If the entire surface is as in the last picture, I'd say that if you want it to be good, you are going to have to sand the entire hull with 320 and then 400 to get the surface fair to begin with. Be sure to allow the paint to really dry for a few days so it's good and hard and doesn't gum up your sandpaper. As you will be sanding hard paint instead of sanding base coat, it may be a pain, but take your time and make sure it's really perfectly smooth. Hopefully, you won't sand through the paint surface and won't need to repaint, but if you do, then make sure your paint is thinned well. Several thin coats, allowing time to dry well between each, is the way to go. Try to resist trying to get that last bit of "cover" over a wet surface. Too much wet paint is going to give you that "orange peel" again. You might also consider adding some "flowing" conditioner to the paint. This retards the drying and allows the paint to "level" better. Your paint may require a proprietary "flowing" additive. If it's an acrylic, you might experiment with Flood's "Floetrol." https://www.flood.com/products/paint-additives/floetrol-latex-based-paint-additive
After you've sanded the hull fair, you can apply another coat of paint if need be. (Again, build up your paint coating with multiple thin coats. Never apply paint thickly.) I wouldn't waste time messing with proprietary varnishes of varying glosses. They are often tricky to use and get just right. Instead, I'd let the paint dry well and then rub it down to the gloss level you desire using rottenstone and pumice. These provide two degrees of very fine "grit," rottenstone being the larger grit. They are powdered abrasives applied with a water-dampened soft cloth. It will probably take some time rubbing, but you will be able to see the level of gloss as you use them. If you want, you can also speed up the process a bit by using finer grit sandpapers, and then go to the finer rottenstone and pumice abrasive. Continued rubbing with the finer pumice will bring the gloss up as high as you want. You can get pretty close with an airbrush, sometimes even "close enough," but rubbing out the surface is the only way I know to get a perfect finish.

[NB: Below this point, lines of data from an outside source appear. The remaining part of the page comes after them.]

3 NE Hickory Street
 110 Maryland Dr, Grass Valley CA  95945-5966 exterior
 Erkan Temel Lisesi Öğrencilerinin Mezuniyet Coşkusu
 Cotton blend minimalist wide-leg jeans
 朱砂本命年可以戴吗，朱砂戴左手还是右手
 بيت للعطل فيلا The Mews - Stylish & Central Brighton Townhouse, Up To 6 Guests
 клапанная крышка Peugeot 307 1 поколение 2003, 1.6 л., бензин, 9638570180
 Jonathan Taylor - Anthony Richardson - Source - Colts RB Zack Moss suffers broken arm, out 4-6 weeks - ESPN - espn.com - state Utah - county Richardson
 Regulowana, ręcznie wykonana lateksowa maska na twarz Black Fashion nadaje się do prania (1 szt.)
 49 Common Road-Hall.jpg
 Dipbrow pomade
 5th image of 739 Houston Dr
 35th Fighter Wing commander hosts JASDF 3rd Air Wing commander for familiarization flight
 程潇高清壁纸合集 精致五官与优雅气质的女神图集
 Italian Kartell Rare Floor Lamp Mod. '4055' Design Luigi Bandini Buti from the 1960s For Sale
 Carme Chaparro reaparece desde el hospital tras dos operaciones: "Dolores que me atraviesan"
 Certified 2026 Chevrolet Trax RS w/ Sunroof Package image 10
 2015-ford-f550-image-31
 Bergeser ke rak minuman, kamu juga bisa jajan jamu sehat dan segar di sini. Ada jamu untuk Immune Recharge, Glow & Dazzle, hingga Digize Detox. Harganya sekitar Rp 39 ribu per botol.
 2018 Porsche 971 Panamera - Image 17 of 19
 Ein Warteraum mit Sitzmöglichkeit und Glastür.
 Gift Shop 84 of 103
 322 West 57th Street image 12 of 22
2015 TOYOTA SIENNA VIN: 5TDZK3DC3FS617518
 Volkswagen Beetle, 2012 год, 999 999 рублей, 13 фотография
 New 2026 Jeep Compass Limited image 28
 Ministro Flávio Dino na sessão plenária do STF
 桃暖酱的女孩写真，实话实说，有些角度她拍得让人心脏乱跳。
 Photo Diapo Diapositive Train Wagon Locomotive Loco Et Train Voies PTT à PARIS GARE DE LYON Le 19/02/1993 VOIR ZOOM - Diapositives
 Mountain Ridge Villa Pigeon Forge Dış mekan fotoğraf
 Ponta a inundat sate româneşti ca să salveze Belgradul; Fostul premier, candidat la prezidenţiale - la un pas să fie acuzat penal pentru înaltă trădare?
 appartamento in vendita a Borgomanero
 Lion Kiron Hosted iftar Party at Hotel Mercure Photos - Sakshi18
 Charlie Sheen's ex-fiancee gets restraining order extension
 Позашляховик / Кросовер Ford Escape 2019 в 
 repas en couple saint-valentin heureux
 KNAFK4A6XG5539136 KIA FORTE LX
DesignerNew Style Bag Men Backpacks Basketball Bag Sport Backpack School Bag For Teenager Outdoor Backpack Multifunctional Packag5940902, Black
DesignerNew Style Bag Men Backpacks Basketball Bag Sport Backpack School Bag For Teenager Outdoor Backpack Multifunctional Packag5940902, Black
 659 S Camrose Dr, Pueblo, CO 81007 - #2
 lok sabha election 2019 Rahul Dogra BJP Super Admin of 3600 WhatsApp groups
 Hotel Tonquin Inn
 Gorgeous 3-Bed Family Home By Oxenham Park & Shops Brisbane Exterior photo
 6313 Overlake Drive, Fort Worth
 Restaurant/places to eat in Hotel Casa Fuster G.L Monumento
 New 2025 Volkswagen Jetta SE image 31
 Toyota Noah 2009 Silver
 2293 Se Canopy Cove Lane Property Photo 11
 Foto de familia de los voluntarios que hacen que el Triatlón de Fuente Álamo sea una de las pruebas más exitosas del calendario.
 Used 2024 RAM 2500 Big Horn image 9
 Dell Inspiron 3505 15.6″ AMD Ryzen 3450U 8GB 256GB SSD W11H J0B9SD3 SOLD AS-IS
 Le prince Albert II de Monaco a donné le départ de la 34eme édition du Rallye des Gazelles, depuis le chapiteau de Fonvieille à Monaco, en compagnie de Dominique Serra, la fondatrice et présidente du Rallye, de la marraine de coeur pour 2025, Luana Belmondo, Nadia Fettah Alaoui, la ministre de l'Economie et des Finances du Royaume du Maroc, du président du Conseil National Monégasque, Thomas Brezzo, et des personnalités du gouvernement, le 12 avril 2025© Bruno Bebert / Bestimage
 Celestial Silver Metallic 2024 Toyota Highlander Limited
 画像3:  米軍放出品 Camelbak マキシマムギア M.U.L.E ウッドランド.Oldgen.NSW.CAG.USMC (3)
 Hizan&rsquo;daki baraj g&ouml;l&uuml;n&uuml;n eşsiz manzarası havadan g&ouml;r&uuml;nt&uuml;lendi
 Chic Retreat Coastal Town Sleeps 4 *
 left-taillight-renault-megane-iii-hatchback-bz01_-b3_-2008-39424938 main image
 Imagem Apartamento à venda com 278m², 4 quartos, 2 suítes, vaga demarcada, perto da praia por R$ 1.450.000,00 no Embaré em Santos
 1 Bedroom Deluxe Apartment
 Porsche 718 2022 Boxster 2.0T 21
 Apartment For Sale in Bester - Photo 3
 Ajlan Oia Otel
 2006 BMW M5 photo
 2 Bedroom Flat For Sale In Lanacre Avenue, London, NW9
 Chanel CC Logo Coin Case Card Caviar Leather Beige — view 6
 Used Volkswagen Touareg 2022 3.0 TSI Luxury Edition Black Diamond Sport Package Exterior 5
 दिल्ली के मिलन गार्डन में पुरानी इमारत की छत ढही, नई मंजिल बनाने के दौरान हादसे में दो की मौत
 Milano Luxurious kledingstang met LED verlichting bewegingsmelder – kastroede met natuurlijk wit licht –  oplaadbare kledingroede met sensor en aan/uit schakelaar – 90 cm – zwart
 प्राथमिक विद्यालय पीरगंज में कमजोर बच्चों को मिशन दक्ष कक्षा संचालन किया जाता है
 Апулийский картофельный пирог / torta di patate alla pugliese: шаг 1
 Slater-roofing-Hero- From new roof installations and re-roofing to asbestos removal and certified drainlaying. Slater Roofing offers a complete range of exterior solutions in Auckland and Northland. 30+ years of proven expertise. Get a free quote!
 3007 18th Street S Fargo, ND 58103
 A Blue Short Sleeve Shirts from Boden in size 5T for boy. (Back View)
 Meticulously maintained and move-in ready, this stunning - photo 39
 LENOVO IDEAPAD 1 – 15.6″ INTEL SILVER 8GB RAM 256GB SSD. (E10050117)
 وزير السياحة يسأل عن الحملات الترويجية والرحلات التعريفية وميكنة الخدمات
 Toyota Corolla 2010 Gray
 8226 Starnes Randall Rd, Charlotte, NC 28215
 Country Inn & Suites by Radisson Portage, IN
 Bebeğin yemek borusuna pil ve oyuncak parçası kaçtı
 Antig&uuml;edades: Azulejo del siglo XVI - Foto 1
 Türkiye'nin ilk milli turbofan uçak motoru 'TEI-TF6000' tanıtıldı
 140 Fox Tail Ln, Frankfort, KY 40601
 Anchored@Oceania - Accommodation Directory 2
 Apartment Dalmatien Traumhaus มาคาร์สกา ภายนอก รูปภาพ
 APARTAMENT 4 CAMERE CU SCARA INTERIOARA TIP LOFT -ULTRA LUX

Here's a two-part video that shows how to do it on bright-finished wood, but the process is the same for varnished or painted surfaces. You won't need an electric polisher because you've only got a small piece to do and the electric polisher won't do so well on your curved surfaces. (In these videos, he uses fine grit sandpapers instead of the rottenstone and pumice because they work better with a powered sander on flat surfaces. I use rottenstone and pumice on model hulls because the surfaces are curved and a damp cloth abrades more evenly on the curves. Rottenstone and pumice, available at any paint store, are a lot cheaper than fine grit sandpapers, too!) I'd advise you paint up two or three pieces of scrap wood and use these to practice on before attacking your model. It's a process of experimenting to see how much sanding and polishing you really need to do to get to where you want the finish to be.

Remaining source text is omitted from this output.